The block on my roadster project has severely eroded/corroded exhaust ports and welch plug holes, so I went looking for a replacement in my stash at the farm. Keep in mind that these are Canadian sourced.
The restored car I use for reference when working on mine has a block cast on Sept 13 with the letter A representing 1923. Mine was cast on Sept 28 A, just 15 days later. His engine number is C 5193xx and mine is C 5195xx, just 203 later. According to Bruce's black book, these engine numbers put them in late 1924, which is consistent with the early 1925 Australian build for these two cars. The long lag between casting and stamping is interesting in itself.
There is a real twist in the tail though. Block one from my stash was cast on Sept 14 A, just two weeks before my roadster block. Block two was cast on Sept 27 A, just ONE day before, and it is a good one.

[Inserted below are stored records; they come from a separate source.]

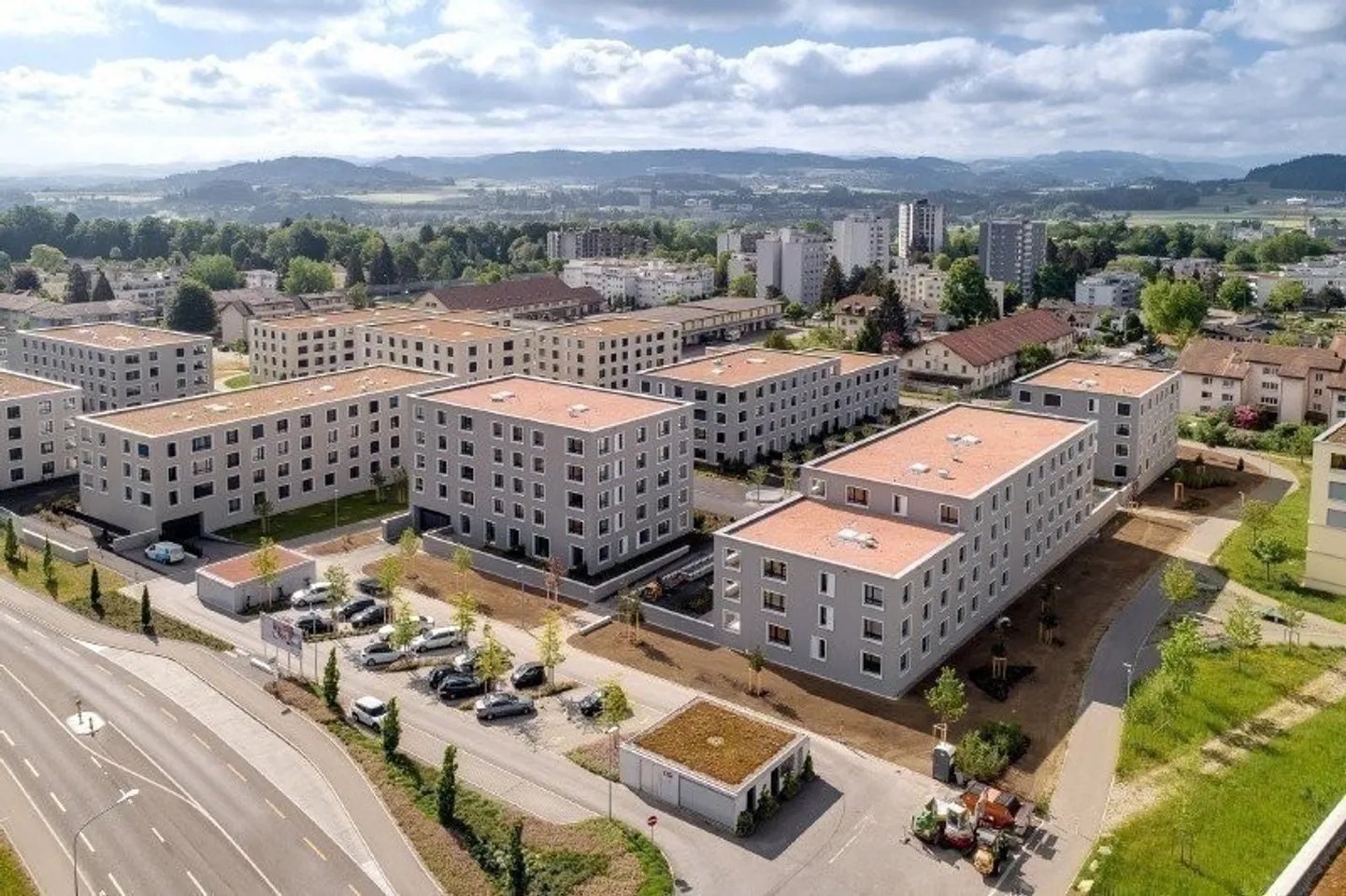 Place de Parking Sécurisée - Photo 2 sur 2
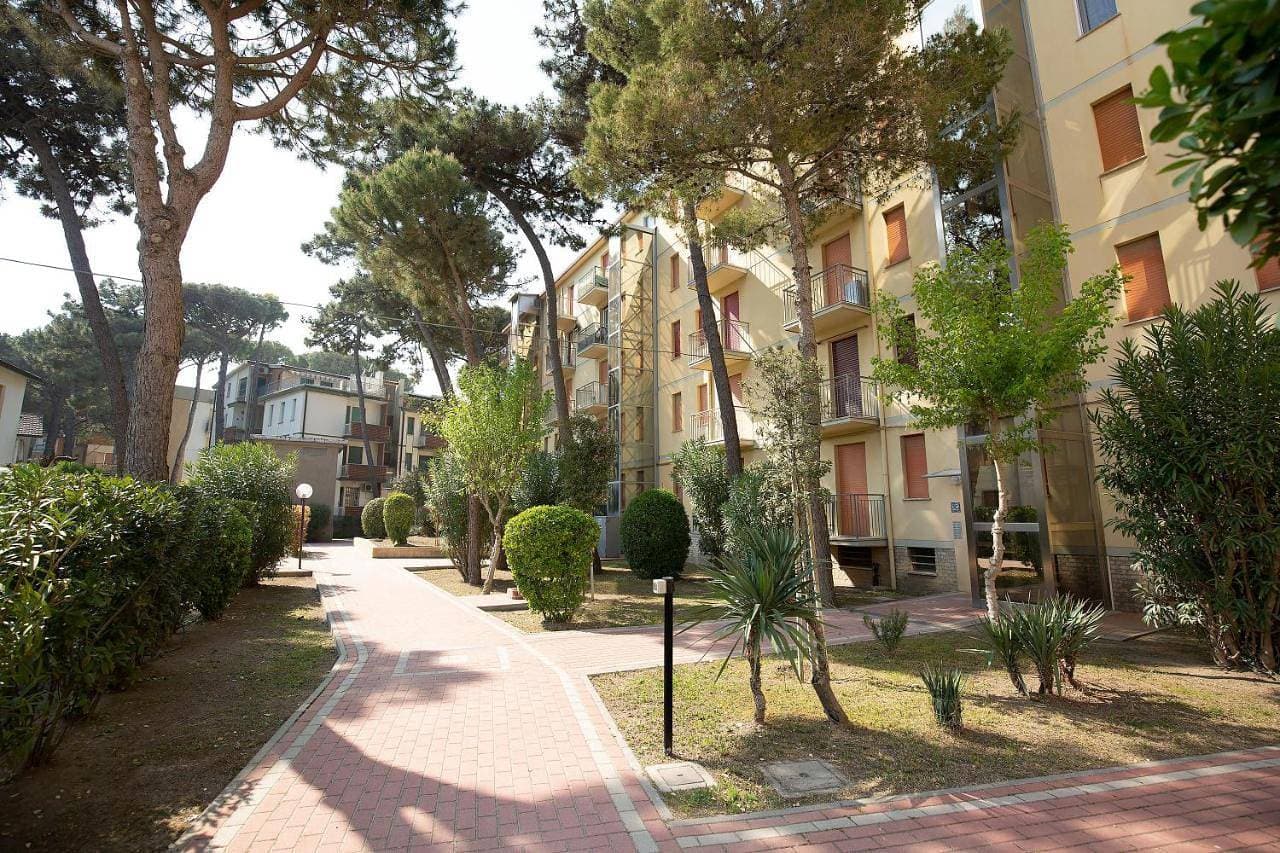 Beach holiday Delfini 1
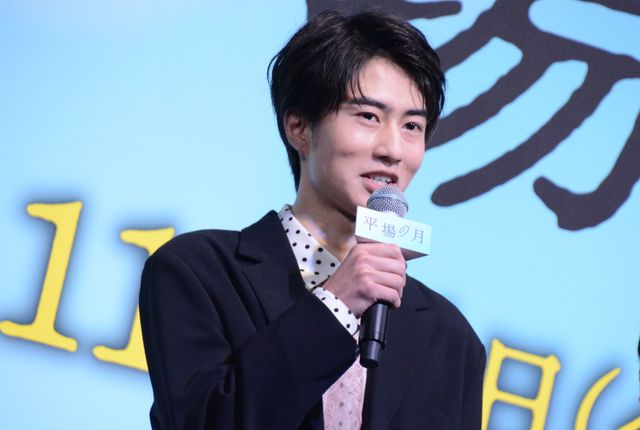 堺雅人＆井川遥「半沢直樹」コンビが再共演！映画『平場の月』製作報告会見（8枚目）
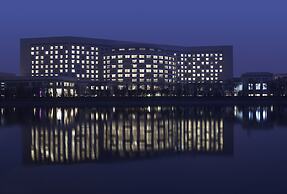 Renaissance Tianjin Lakeview Hotel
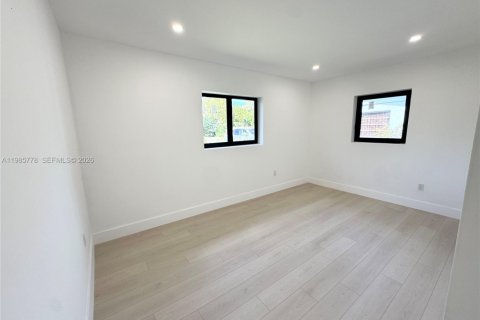 Villa ou maison à vendre à Miami Gardens, Floride: 3 chambres, 106.84 m2 № 2047923 - photo 22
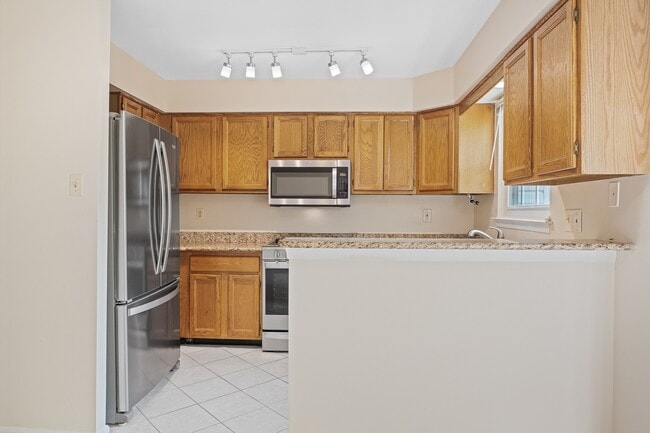 Building Photo - 11740 Stonegate Ln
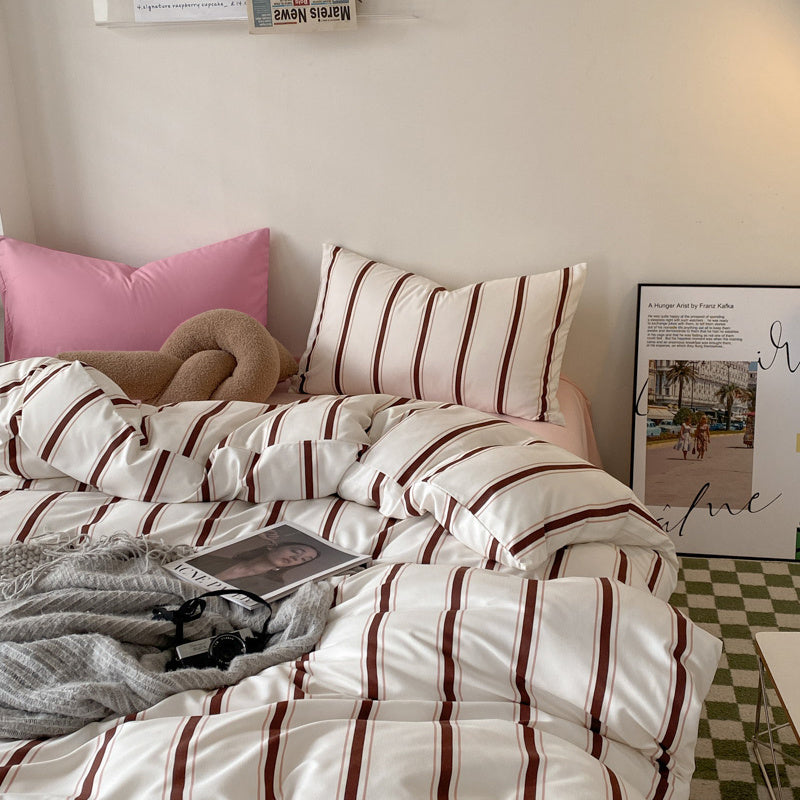 Duvet cover set – 100% cotton – Bold red stripe design – Queen or king size options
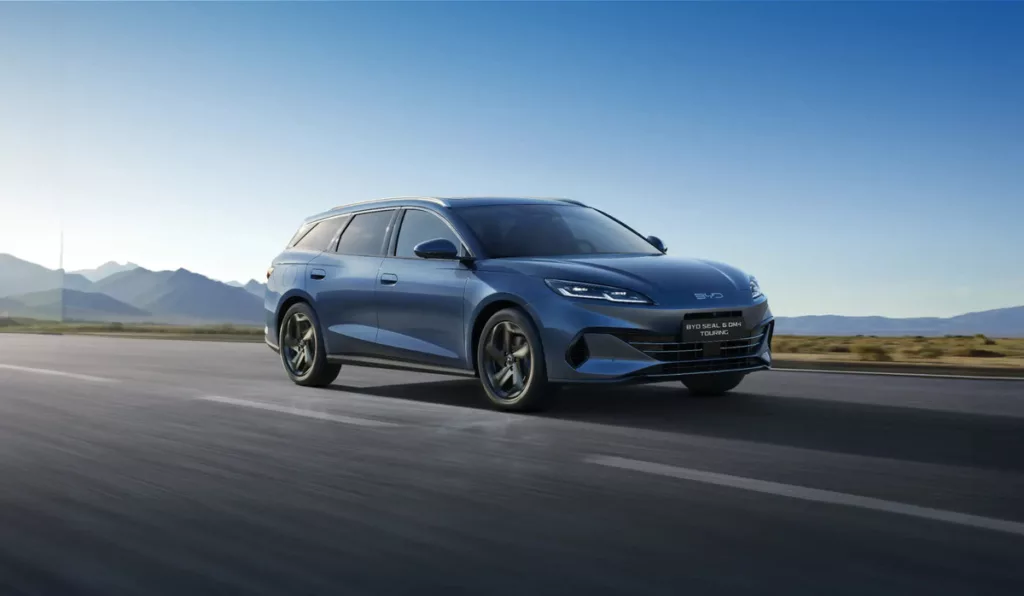 BYD Seal 6 DM-i Touring: la wagon super ibrida che ridefinisce l'efficienza con 1350 km di autonomia - News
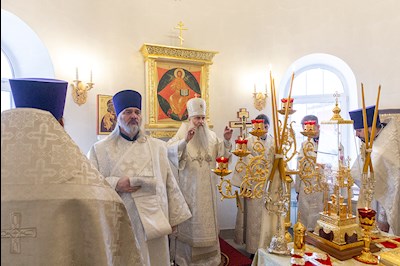 Божественная литургия в храме святых Царственных страстотерпцев г. Саратова
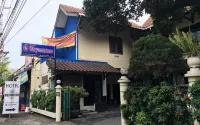 Hotel Wiryomartono
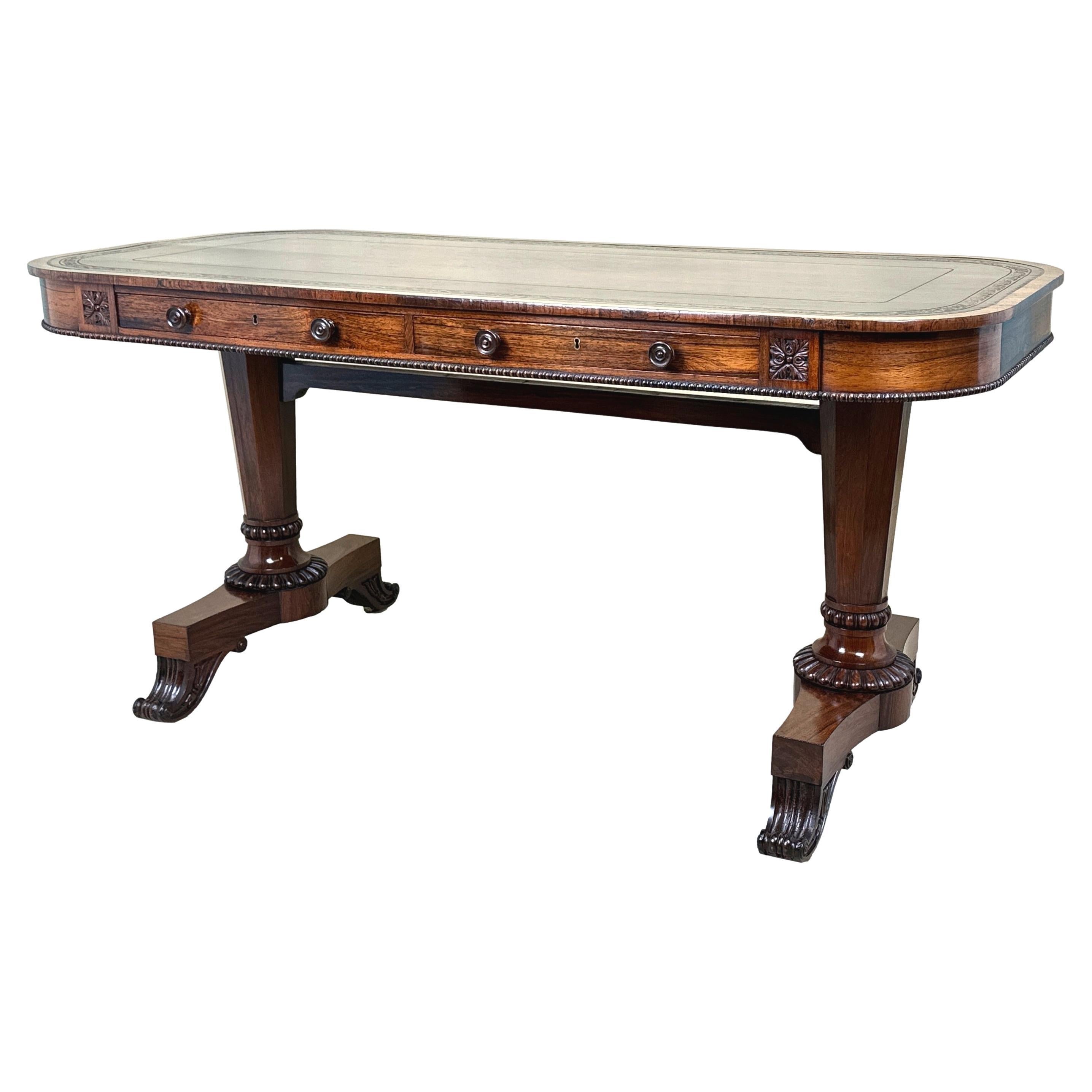 Table d'écriture en bois de rose du 19ème siècle en vente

But, these two blocks have the engine numbers,
C 4398xx and C 4197xx respectively, putting them into late 1923. The later cast one is stamped some 20,000 earlier.
Over to you Hal.
Allan from down under.
IT is important to remember that the casting date is the date the block was cast, the VIN number is the date the engine was completed and serialized. Using the attached Walkerville Canada stamping dates you can see what Ford of Canada did.
I would say that all those engines mentioned by you are close enough to the build date of the car. Pick the best one and move on. A block with good water ackets, no cracks, not needing valve seats, and good bolt holes is a blessing.
This will not answer your question, but I have always wondered about "casting dates". IS the date on blocks the really the date it was cast. Or is it the date that the pattern was A. put into service or B. the date the pattern was last worked on? I find it hard to believe that Ford had someone every day shut down production and change the dates on all the patterns. Yes, they could have had two sets (set being all patterns used in a day) of patterns, but that would go to the worked on date thing. Just asking, Dan.
Must be so, Ford kept track of those barrel molds, the T-400 cylinder block was the foundation of the Model T, the motor wouldn't be worth a dime without a good cylinder block.
The crew for doing the cylinder block castings were composed of approx. 9 workmen to each crew, total of 13 crews, as in 1915 Ford Methods, 13 total core stations, each station producing one block at a time. One of those inspectors did the job of placing the i.d. plate, date symbols, into the molding machine. 13 plates needed each date. 13 machines. Each machine made 100 blocks a day, 1300 blocks total in a day!
Mass Production as we know!
You can see in some of the castings an impression of a screw head on each end of the date code. That date plate was screwed to the pattern, and yes it was changed every day on every pattern. This was an important quality control step, it allowed bad batches to be isolated to a single date if they were discovered in a later process like machining or assembly operations.